To be clear, giving hashes their own origin only makes sense if you are loading top-level resources by hash. In that case, you can give access to all other hashes, but prohibit access to ordinary URLs. But that is a long way off for any web browsers and far from the scope of SRI.

mozfreddyb commented 8 years ago

For the record, @hillbrad wrote a great document outlining the privacy and security risks of shared caching: https://hillbrad.github.io/sri-addressable-caching/sri-addressable-caching.html

kevincox commented 8 years ago

That document doesn't appear to consider an opt-in approach. While this would reduce the number of people who do it it could be quite useful.

<script src=jquery.js integrity="..." public/>

This tag should only be put on scripts for which timing is not an issue. Of course deciding what is pubic is now the responsibility of the website. However since the benefit would be negligible for anything that is website specific this might be pretty clear. For example loading a script specific to my site has a single URL anyways, so I may as well not put public otherwise malicious sites can figure out who has been to my site recently even though I don't get any benefit from the content-addressed cache. However if I am including jQuery there will be a benefit because there are many different copies on the internet and at the same time it means that knowing whether a user has jQuery in their cache is much less identifying.

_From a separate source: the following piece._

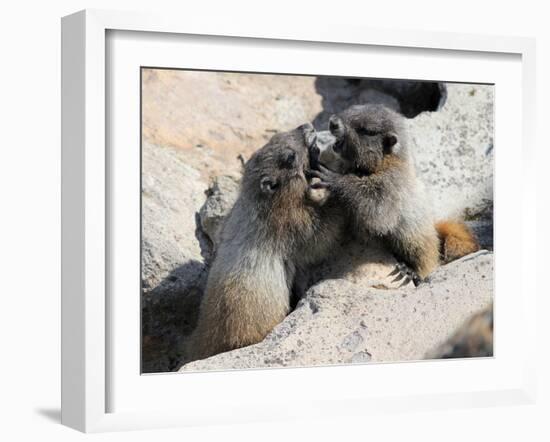 Juvenile Hoary Marmots Wrestling-randimal-Framed Photographic Print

That being said if FF had a way to turn this on now I would enable it, I don't see the privacy hit to be large and the performance would be nice to have.

hillbrad commented 7 years ago

If I want to use the presence of my script in a shared cache to track you illicitly, I will deliberately set the public flag, even if the content isn't actually public.

On Mon, Oct 31, 2016 at 3:06 PM Kevin Cox notifications@github.com wrote:

That document doesn't appear to consider an opt-in approach. While this would reduce the number of people who do it it could be quite useful.